Aid enforcement and regulation
Steven T. Miller, deputy IRS Commissioner, testified before Congress that the agency was “somewhat understaffed” in overseeing nonprofits, especially ensuring that they pay taxes on unrelated business income. Better, more usable data would make enforcement more efficient and effective. For example, checking the box on the Form 990 that asks whether loans have been made to directors or officers should constitute a “red flag” for the Attorney General in any state where that practice is prohibited. Without ready access to specific information about suspicious activity like this, there is a tendency to regulate in broad and heavy-handed strokes based mainly on anecdotes. With a Form 990 database, identifying potential fraud could be crowdsourced, giving the IRS and states’ Attorneys General “more eyes and ears.” As Hugh Jones put it: “Making 990 forms public enlarges the volunteer staff of the IRS.”

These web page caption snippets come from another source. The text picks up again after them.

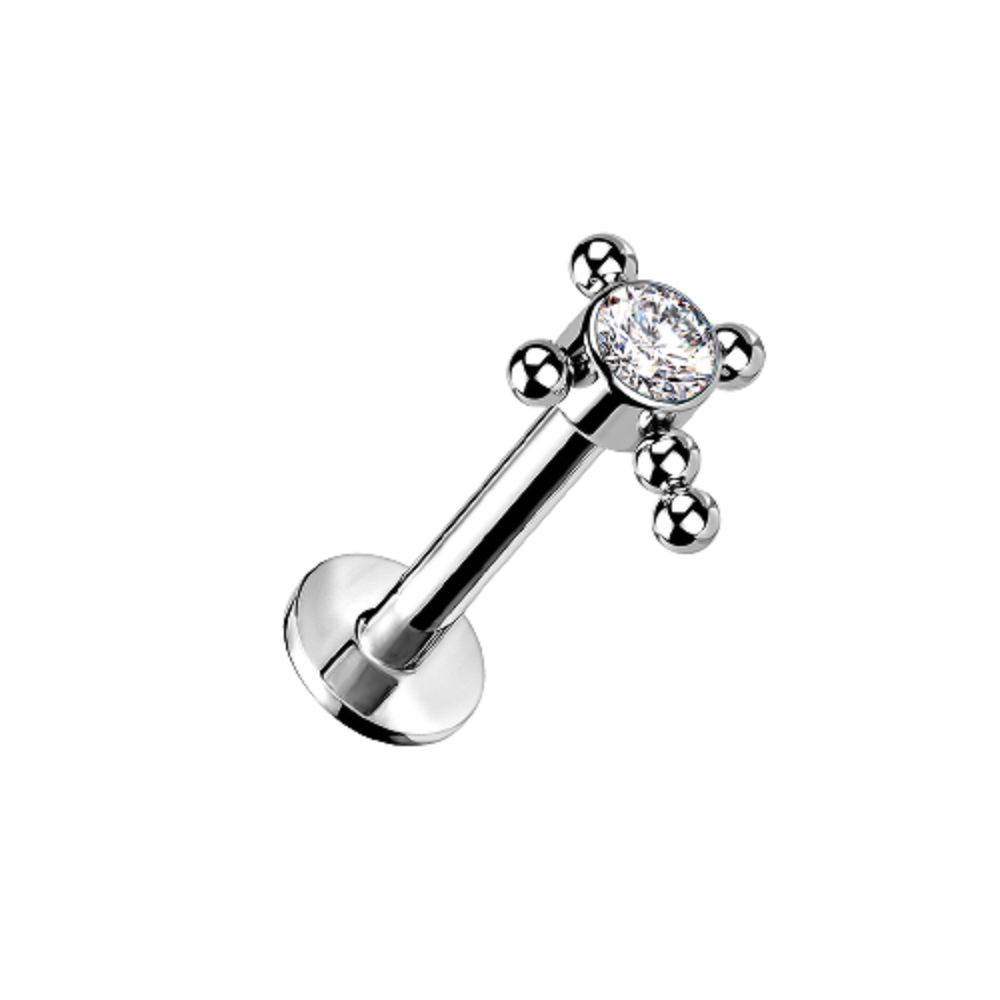 Gem Centered Ball Cross Threadless Push in Stud
- G23 Implant Grade Titanium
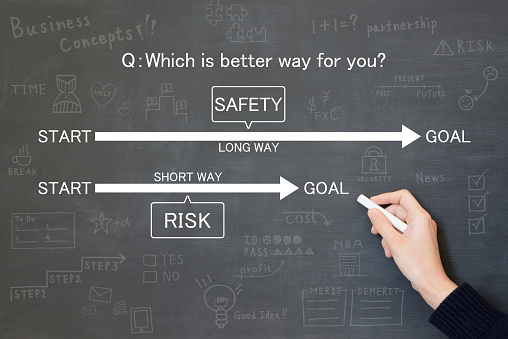 Business concepts, choice of safe way or risky way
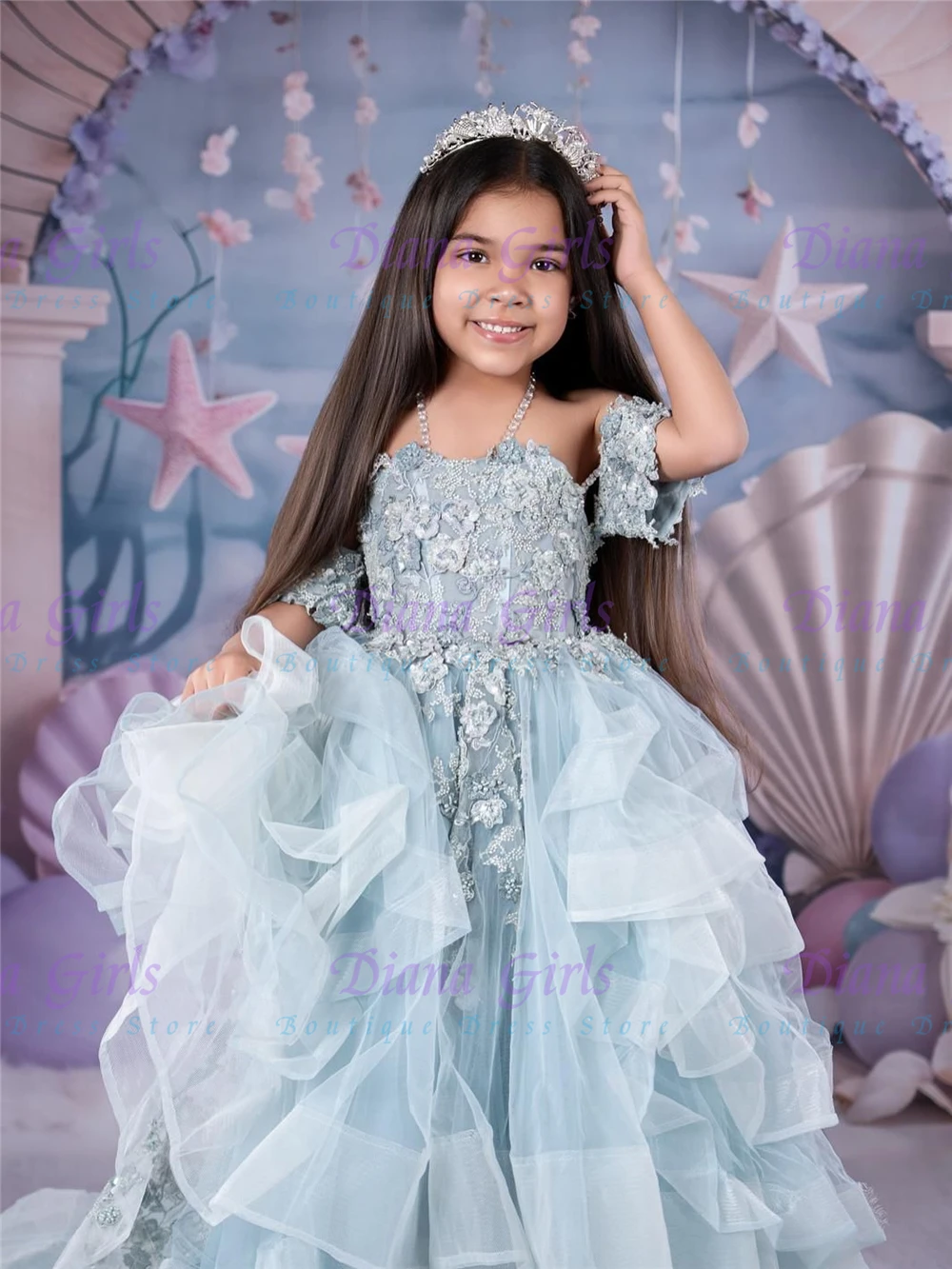 

Luxurious Blue Fluffy Tulle Flower Girl Dress Quality Flowers Applique for Little Princess Wedding Birthday Evening Gowns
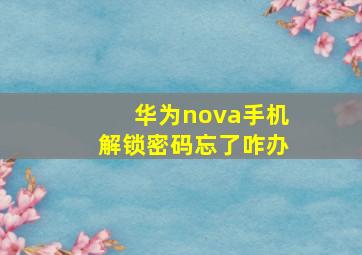 华为nova手机解锁密码忘了咋办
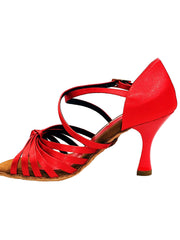 Carica immagine nella Galleria, Fabiana (205/7) - Scarpa da Ballo Basica da Donna Raso Seta Rosso Sette Fascette con Tacco a Rocchetto Smaltato Rosso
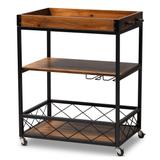 Industrial Oak Brown Bar Cart with Stemware Rack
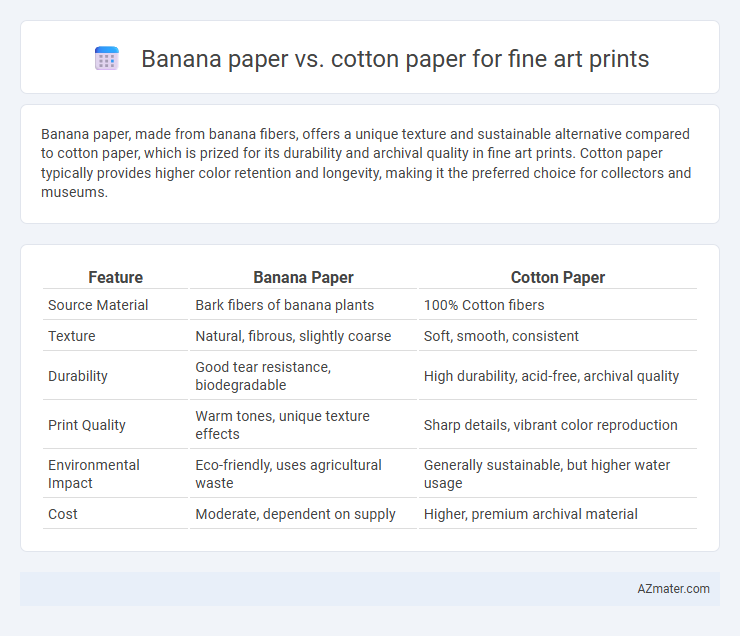 Banana paper vs. cotton paper for fine art prints - What is The Difference?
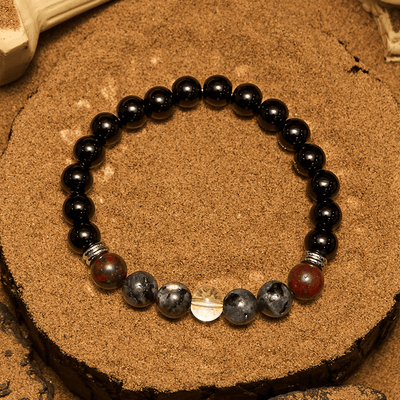 Olivenorma Mahogany Obsidian Labradorite Beads Men Bracelet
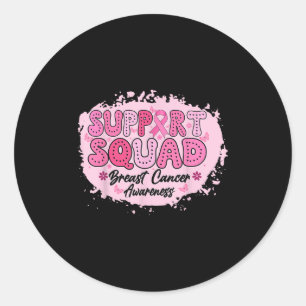 Adesivo Redondo Groovy Support Squad Breast Cancer Awarness Pink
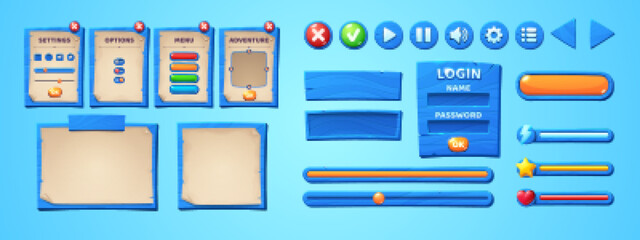 Game ui menu interface, scrolls and antique parchments on blue wooden boards. Cartoon wood textured planks, gui graphic elements. User panel with settings, options or adventure isolated 2d vector set © klyaksun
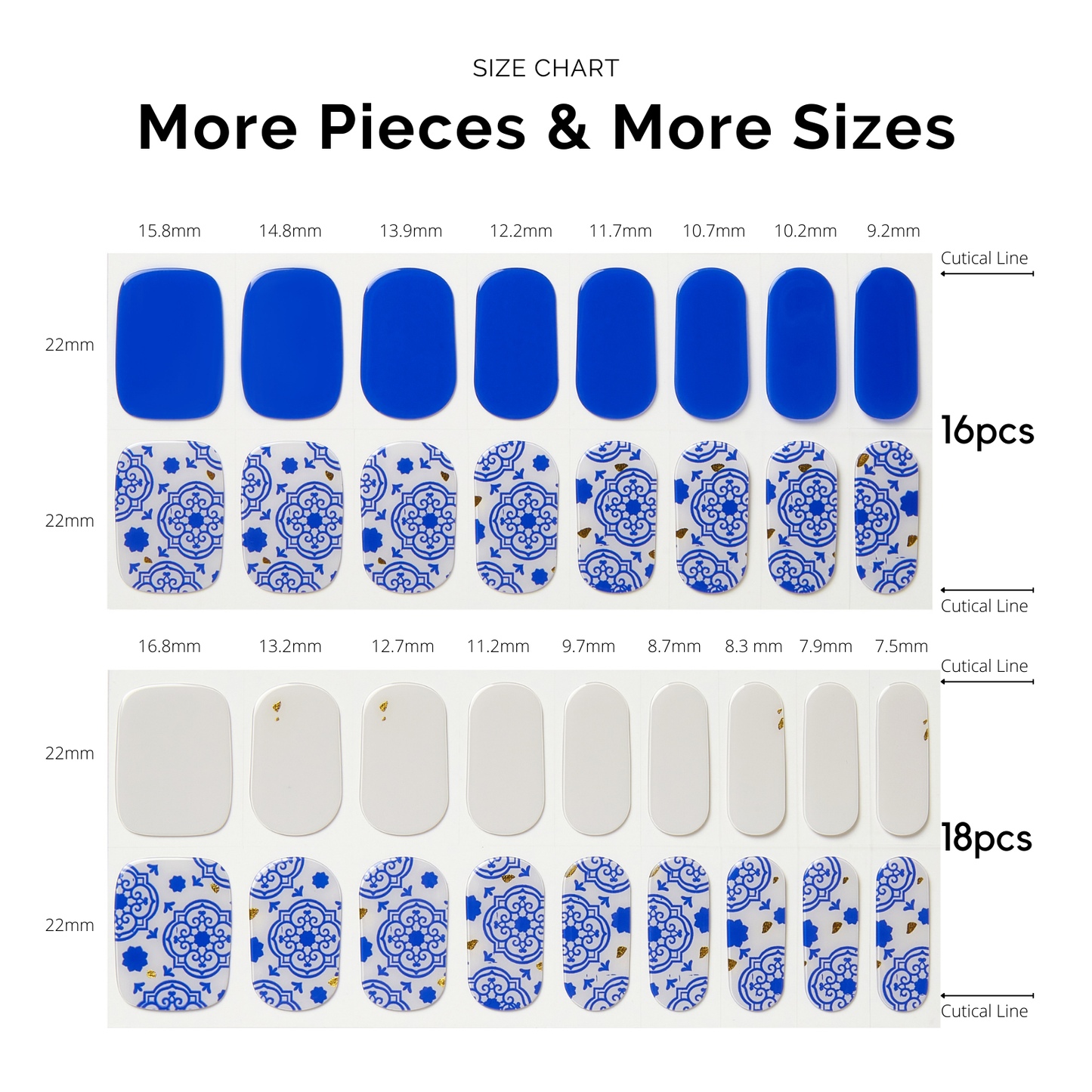 CERULEAN PORCELAIN | Mani Strip 34PC - NAILOG semi cured nail strip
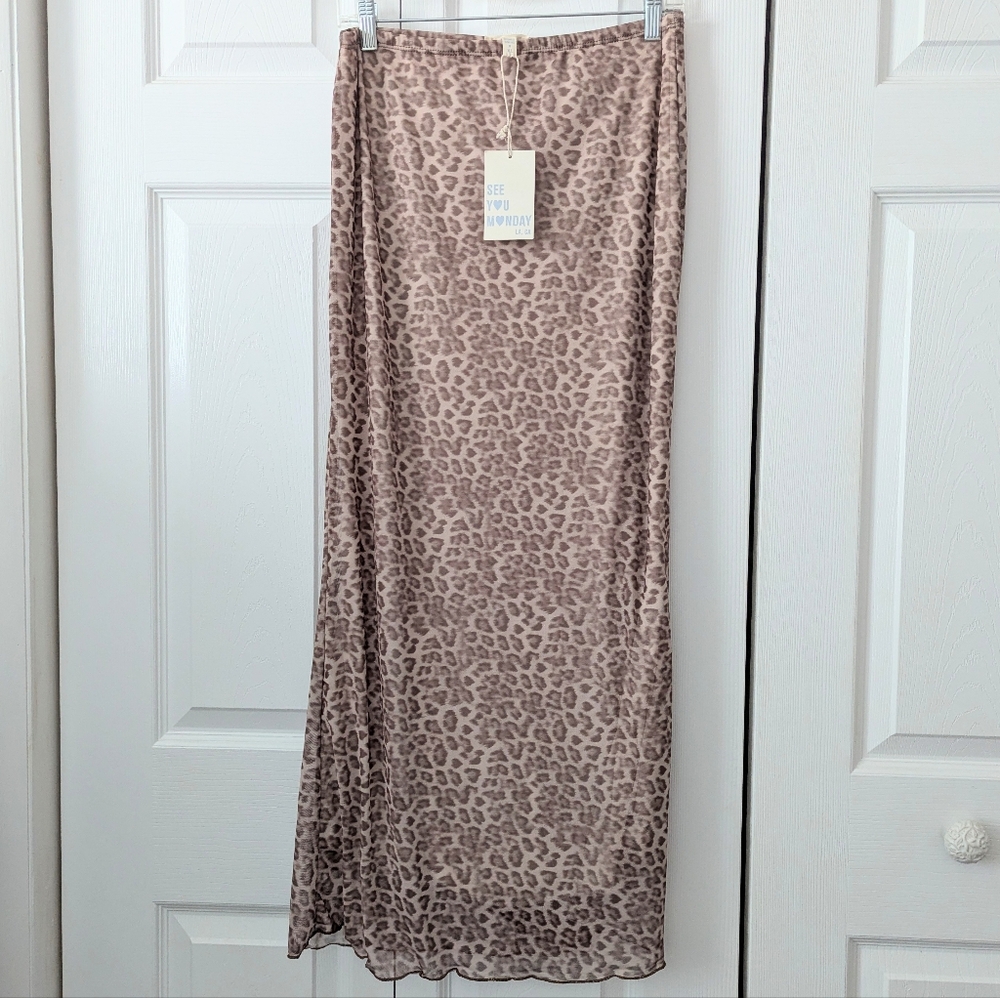 NWT! ~SEE YOU MONDAY~ CHEETAH PRINT STRETCHY MAXI SKIRT-XL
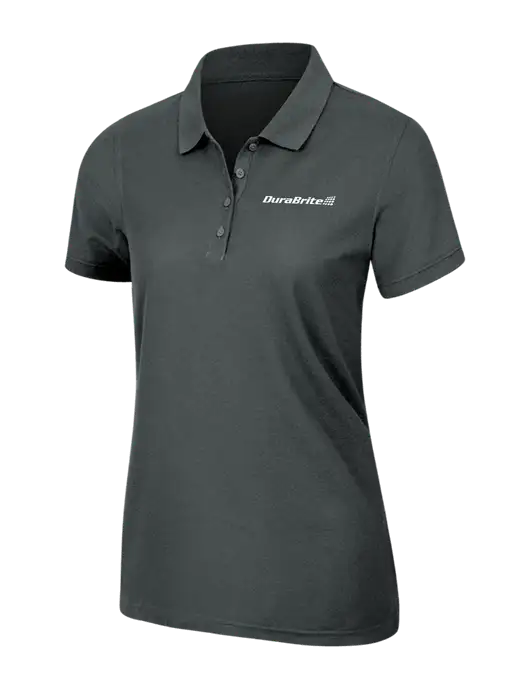 Dark Grey Womens Core Classic Pique Polo w/DuraBrite Logo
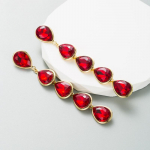 Naiste k&otilde;rvar&otilde;ngad loomingulisest sulamist inkrusteeritud v&auml;rviga kristallist geomeetrilise veetilga kujuga pika temperamendiga k&otilde;rvar&otilde;ngad OneSize punane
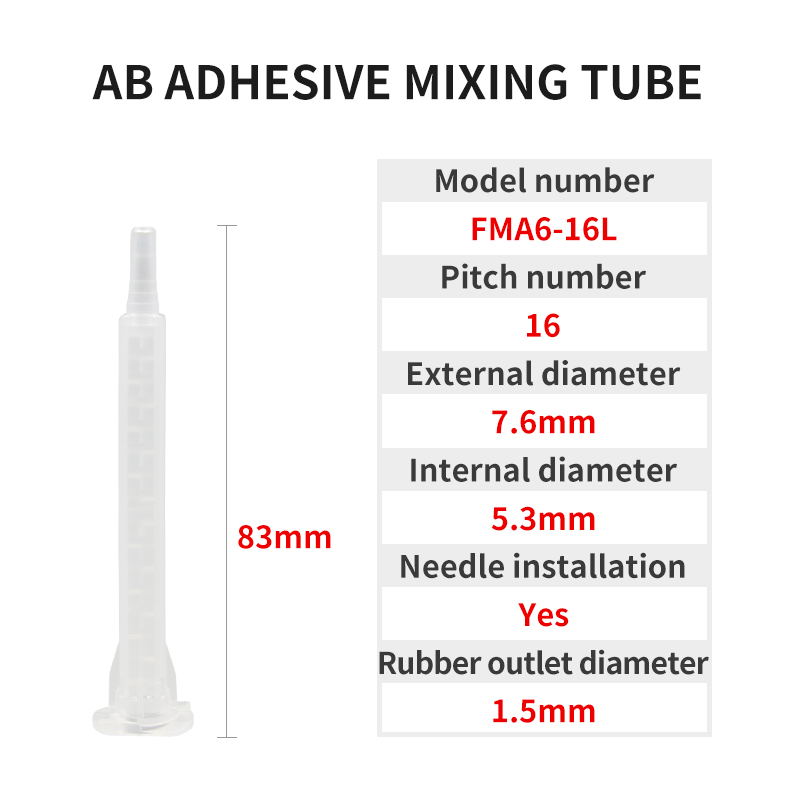 50 stks Epoxy Statische Mixer Lijmen Doseren Mengmondstuk Hars AB Lijmen Mengbuis voor Twee Componenten Vloeistof Mengmachine: WHITE
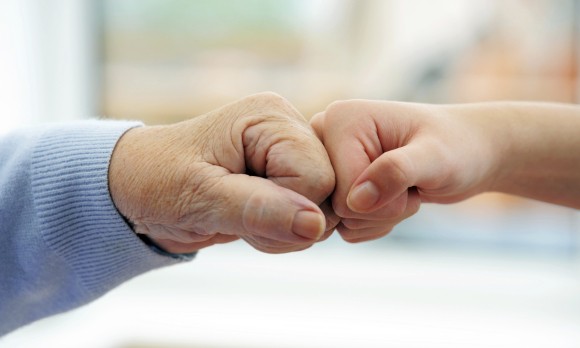 Gran & Grand Daughter Fist Bump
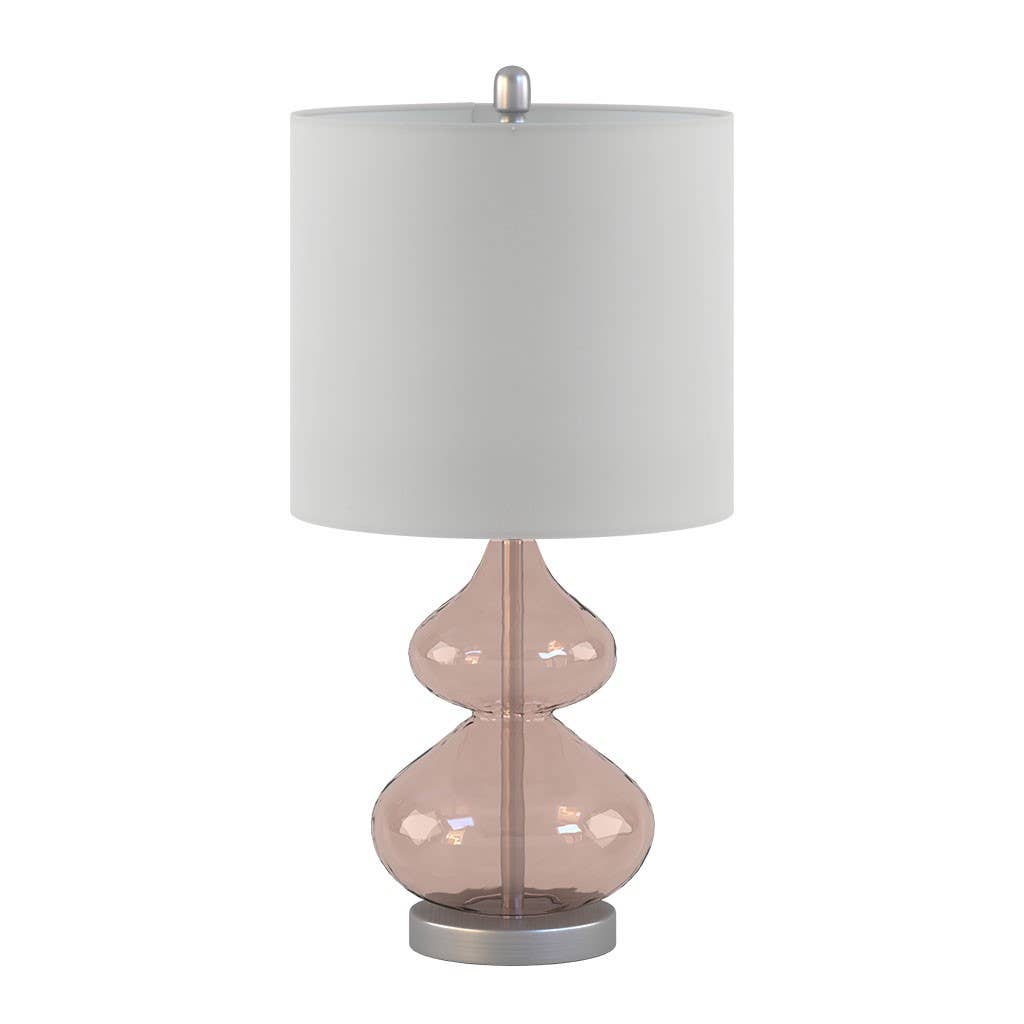 [Set of 2] Clear Glass Base Table Lamps, Pink Glass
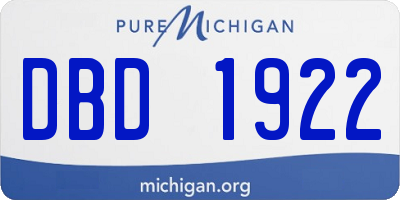 MI license plate DBD1922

Certain regulations restrict how much lobbying and political activity a nonprofit engages in, depending on the type of nonprofit. The Citizens United 73 decision obviously has brought political issues to the fore. The Center for Responsive Politics (CRP) tracks money in U.S. politics and its effects on public policy. CRP manually scrapes a relatively small number of 990s for politically active nonprofits to populate its OpenSecrets website, which tracks which organizations give to whom. “A public source for 990s data,” says Executive Director for the Center for Responsive Politics, Sheila Krumholz, “would be a godsend.”
Facilitate data “mashups”
Data from totally different sources can often be combined to great effect. Form 990 databases could be combined with mapping data, for example, or with programmatic results data that could help nonprofits gauge their effectiveness in comparison to other similar organizations. Like the current initiatives to create a global system of “legal entity identifiers,” an initiative specifically aimed at numbering nonprofits would enhance such capabilities, as could state efforts to standardize their nonprofit registration procedures. An effort specifically for registering nonprofits is being developed by a foundation-funded consortium under the name Basic Registry of Uniquely Identified Global Entities (BRIDGE).
Facilitate academic and business research
Establishing various baseline values and setting up longitudinal studies may now be especially important given the changes taking place both in and around the nonprofit sector. Statistical frames for constructing representative survey samples, for example, depend on having comprehensive data about the nonprofit sector as a whole. More specifically, the Urban Institute could use computable 990 data to pursue its interest in understanding the mix of nonprofit institutions that exist in low-income neighborhoods; the relationships between the level and mix of neighborhood-level nonprofits; and conditions and trends in those neighborhoods. In fact, the academic study of the nonprofits has become so important that Indiana University is building on the research experience of its Center on Philanthropy to launch the nation’s first School of Philanthropy.